(RECORDS SHOWN)

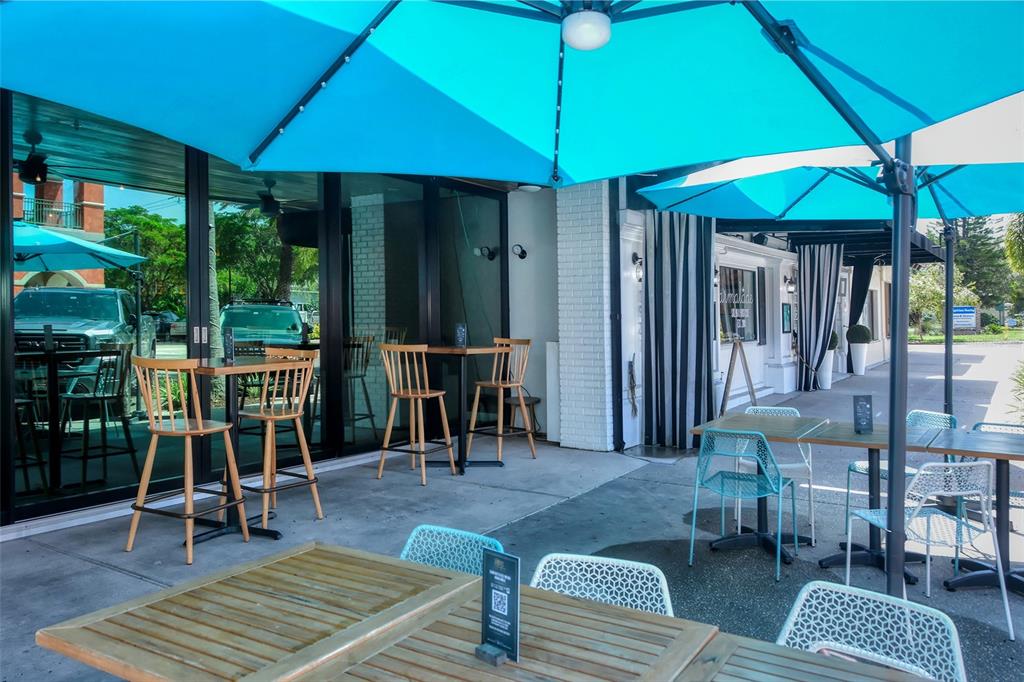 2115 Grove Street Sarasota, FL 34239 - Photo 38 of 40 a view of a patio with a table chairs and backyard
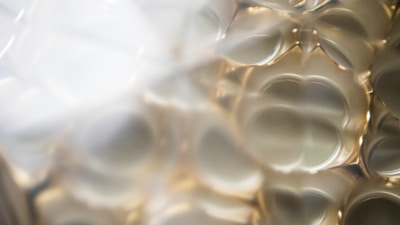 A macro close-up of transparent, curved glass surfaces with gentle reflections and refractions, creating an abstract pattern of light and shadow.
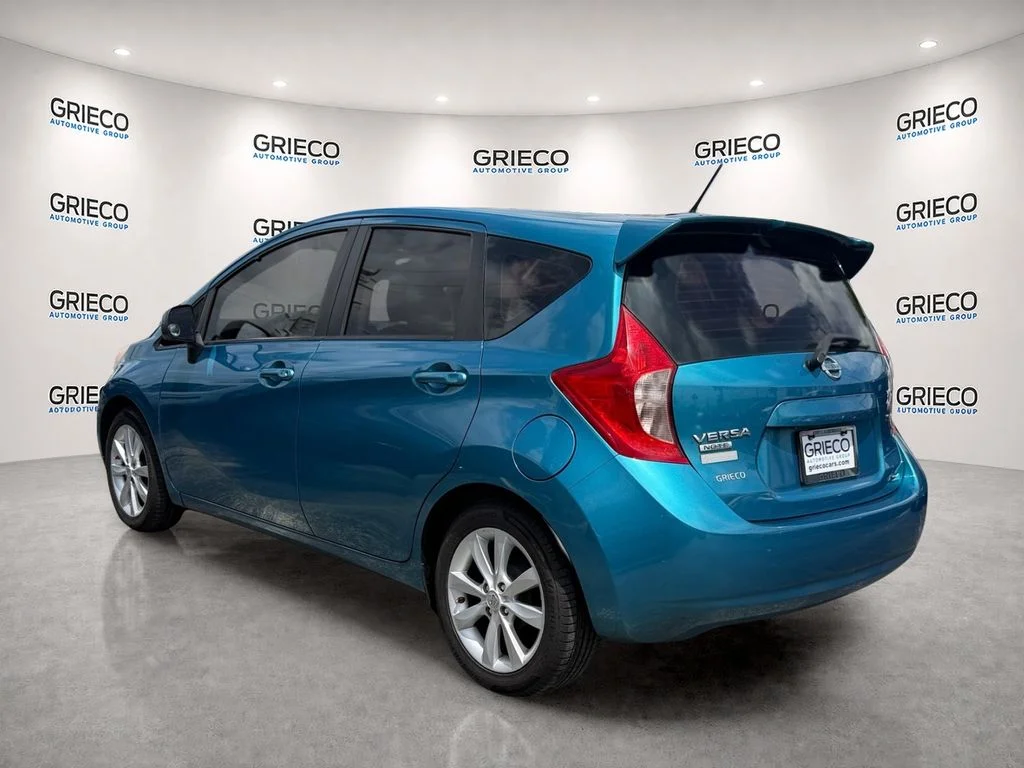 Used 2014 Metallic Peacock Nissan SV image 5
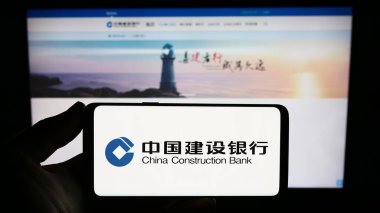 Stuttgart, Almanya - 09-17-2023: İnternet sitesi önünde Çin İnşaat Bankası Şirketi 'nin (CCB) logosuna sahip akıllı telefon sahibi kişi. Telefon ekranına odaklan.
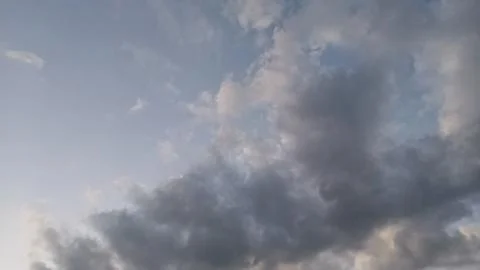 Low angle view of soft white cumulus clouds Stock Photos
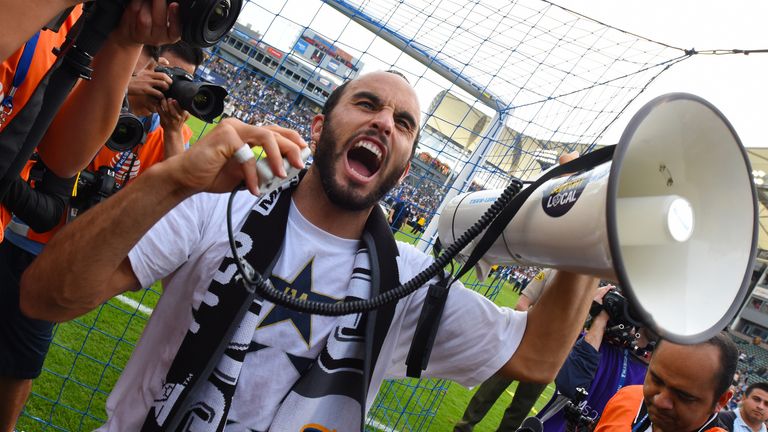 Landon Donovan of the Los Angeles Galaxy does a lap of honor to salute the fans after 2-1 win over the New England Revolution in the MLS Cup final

(End RECORDS SHOWN)
(RECORDS SHOWN)

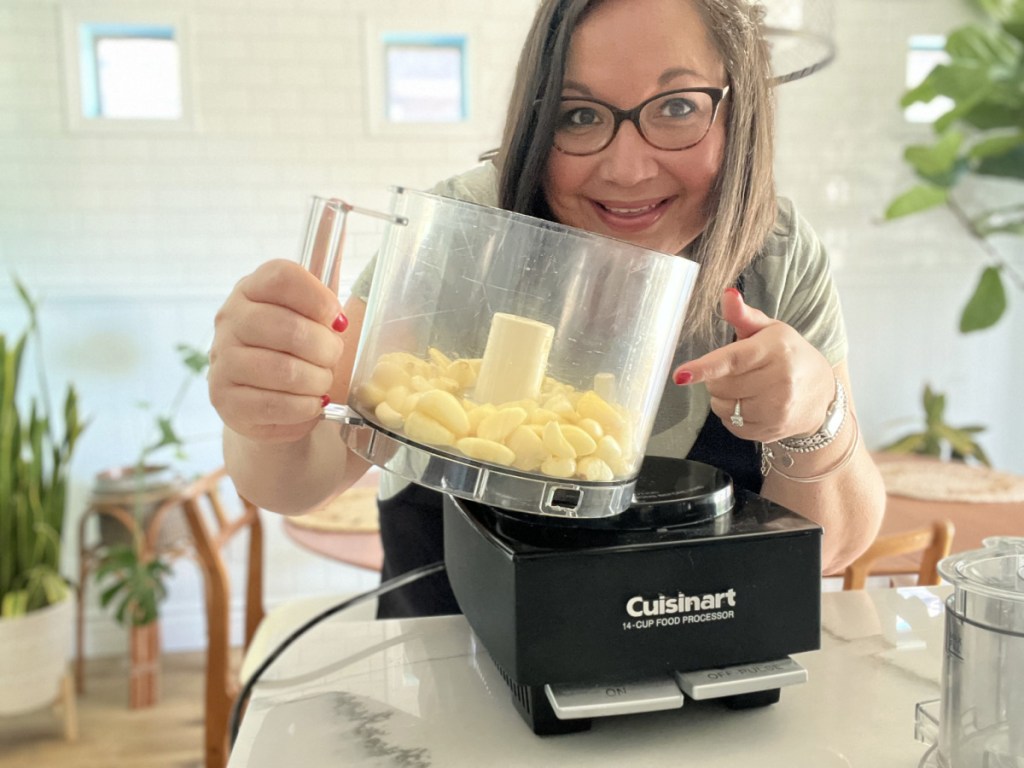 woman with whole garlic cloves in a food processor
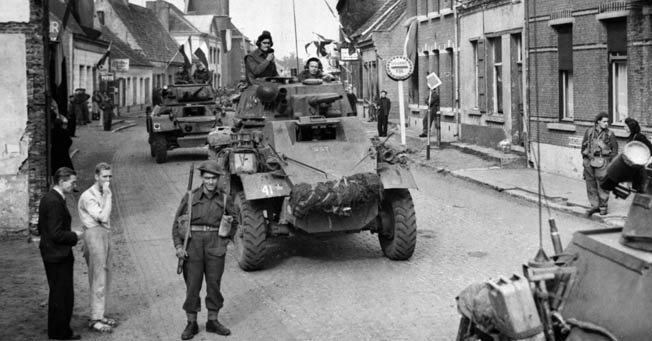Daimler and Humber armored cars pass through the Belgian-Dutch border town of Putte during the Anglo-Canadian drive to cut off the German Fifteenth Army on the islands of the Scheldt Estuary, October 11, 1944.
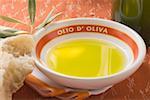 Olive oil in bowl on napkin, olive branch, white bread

(End RECORDS SHOWN)

- **PROBLEM REQUIREMENTS**: Transcribe, from the material above, the stretch starting at the line with "woman with whole" and ending at the line with "Olive oil in", both included, exactly. Do not carry over pictures.

- **TASK ANSWER**:
 woman with whole garlic cloves in a food processor
Daimler and Humber armored cars pass through the Belgian-Dutch border town of Putte during the Anglo-Canadian drive to cut off the German Fifteenth Army on the islands of the Scheldt Estuary, October 11, 1944.
 Olive oil in bowl on napkin, olive branch, white bread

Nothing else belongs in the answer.